Exercise prompt. Retype the material below exactly, from its first line through the line with "Bond IT WP100"; the pictures stay out.
--- Extracted data ---
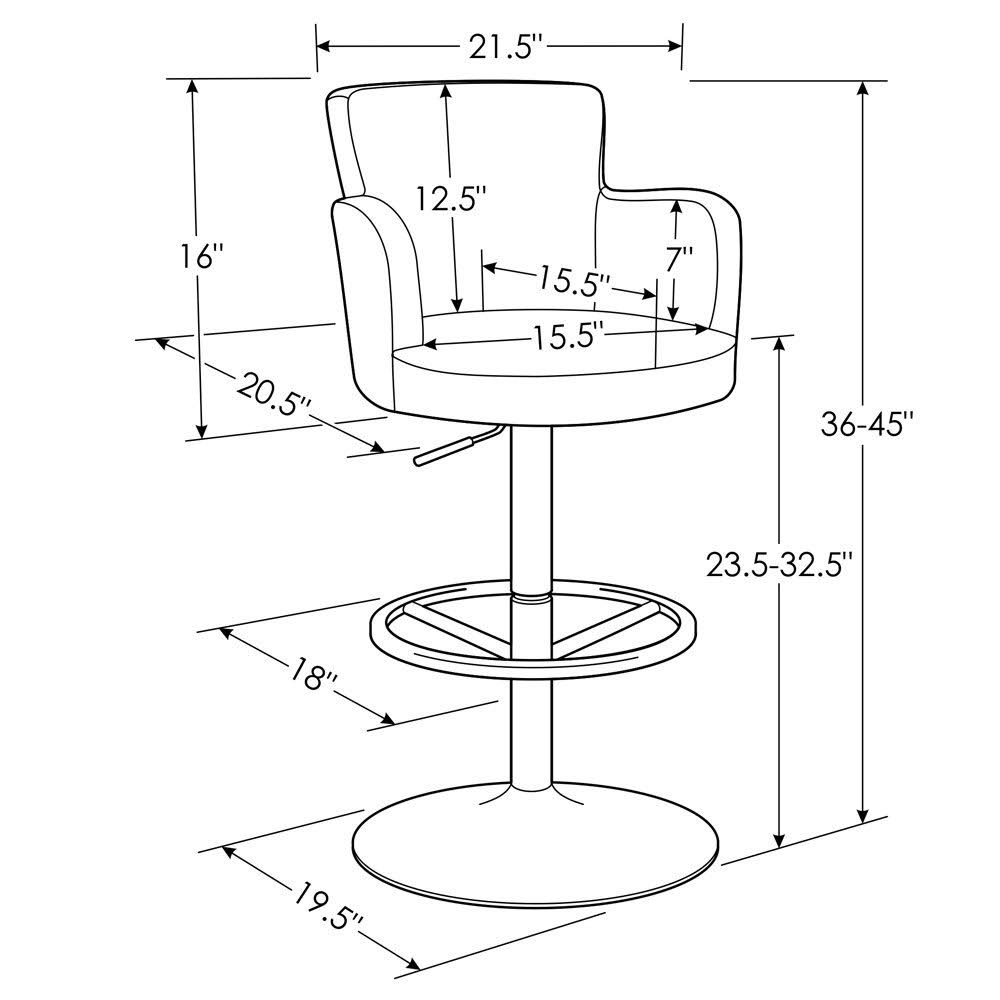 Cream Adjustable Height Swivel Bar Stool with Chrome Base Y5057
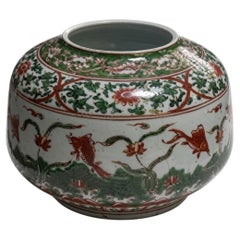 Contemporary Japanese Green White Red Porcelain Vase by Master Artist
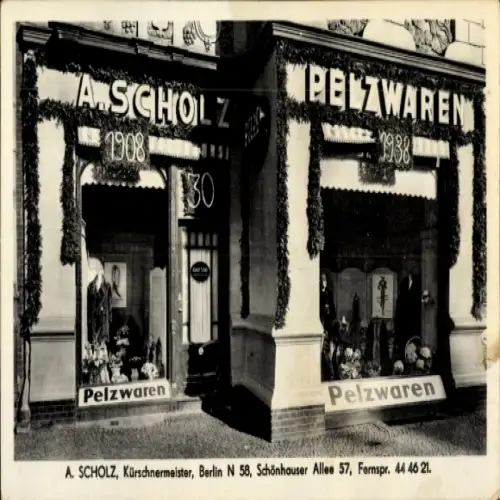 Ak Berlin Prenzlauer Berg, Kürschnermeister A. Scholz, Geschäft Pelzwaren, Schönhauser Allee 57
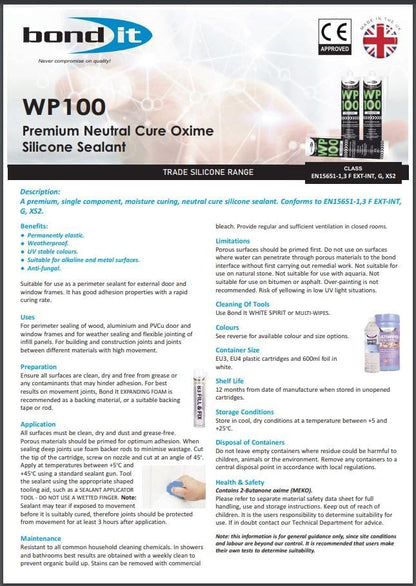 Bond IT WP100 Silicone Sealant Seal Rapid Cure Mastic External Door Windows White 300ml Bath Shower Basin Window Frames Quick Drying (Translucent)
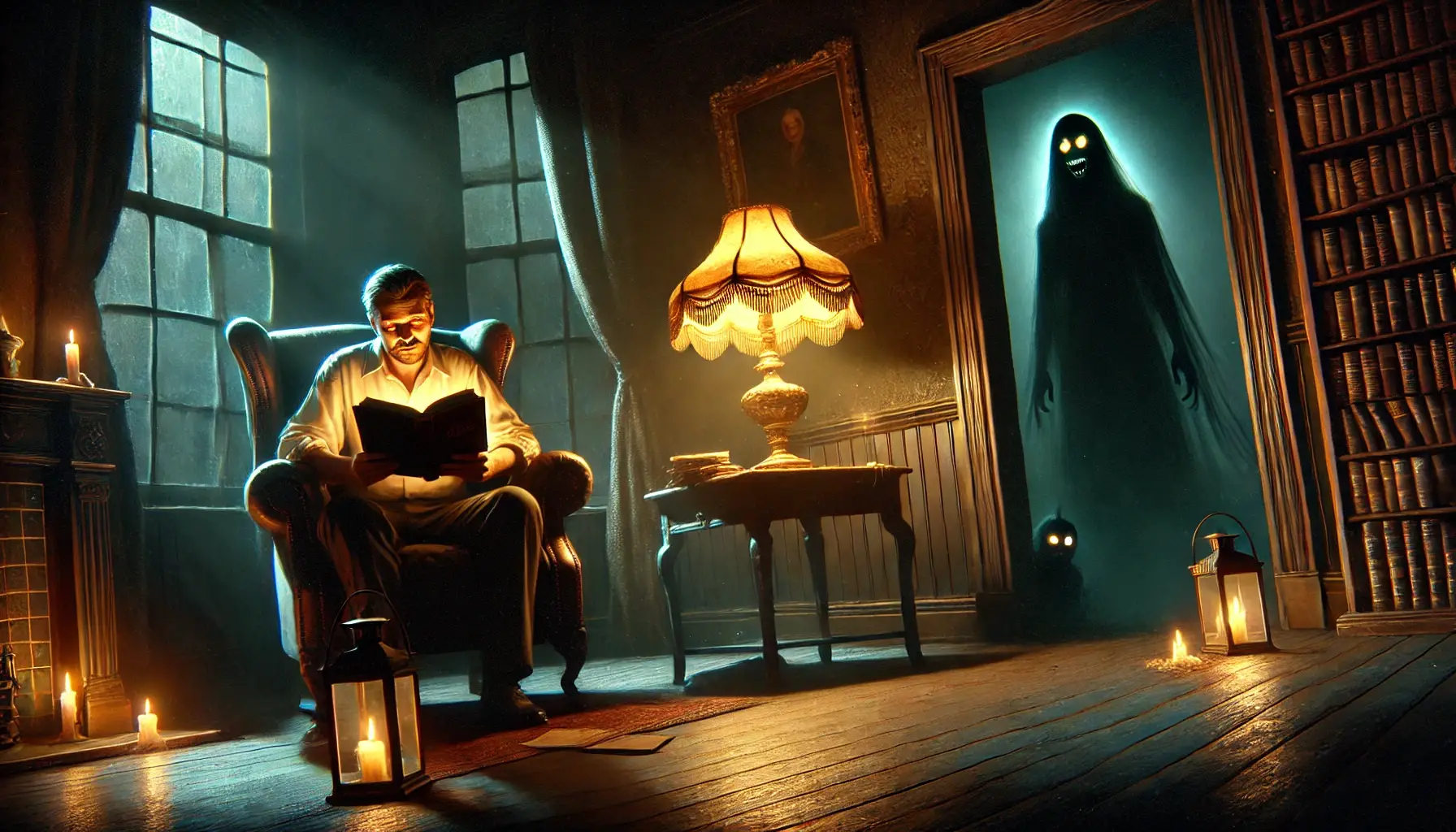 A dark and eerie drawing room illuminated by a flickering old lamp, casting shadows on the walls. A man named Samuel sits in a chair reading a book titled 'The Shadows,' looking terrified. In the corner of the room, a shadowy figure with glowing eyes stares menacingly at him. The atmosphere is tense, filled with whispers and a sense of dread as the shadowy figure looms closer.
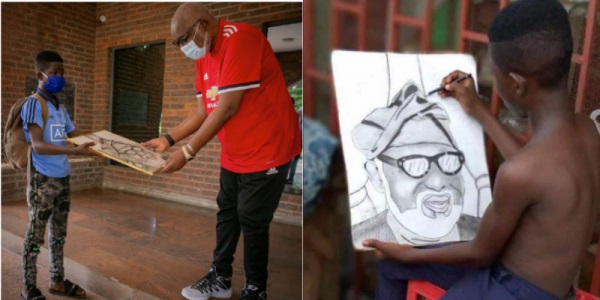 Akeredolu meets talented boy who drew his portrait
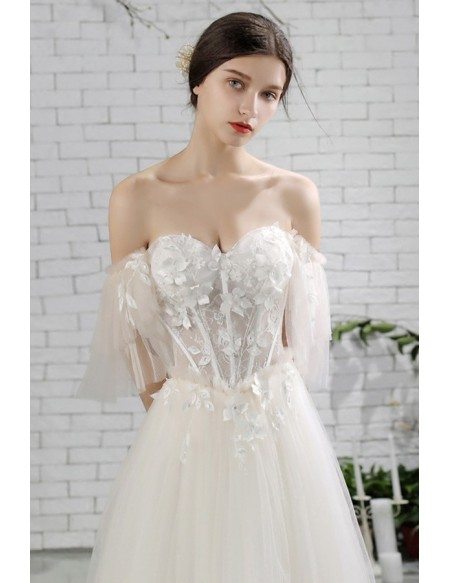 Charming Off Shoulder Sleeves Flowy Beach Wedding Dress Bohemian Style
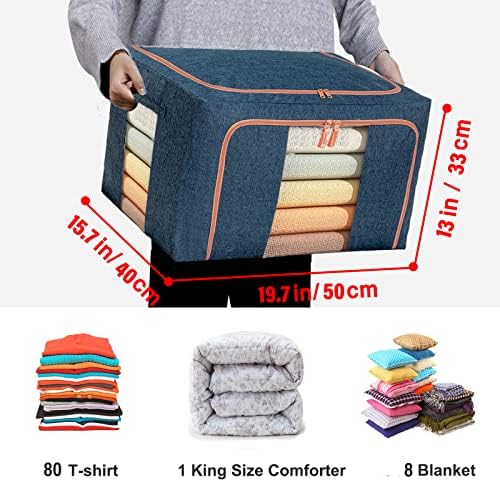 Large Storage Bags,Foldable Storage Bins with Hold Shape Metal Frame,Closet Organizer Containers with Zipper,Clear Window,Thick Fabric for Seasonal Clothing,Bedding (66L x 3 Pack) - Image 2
---
Exercise response.
 Cream Adjustable Height Swivel Bar Stool with Chrome Base Y5057
 Contemporary Japanese Green White Red Porcelain Vase by Master Artist
 Ak Berlin Prenzlauer Berg, Kürschnermeister A. Scholz, Geschäft Pelzwaren, Schönhauser Allee 57
 Bond IT WP100 Silicone Sealant Seal Rapid Cure Mastic External Door Windows White 300ml Bath Shower Basin Window Frames Quick Drying (Translucent)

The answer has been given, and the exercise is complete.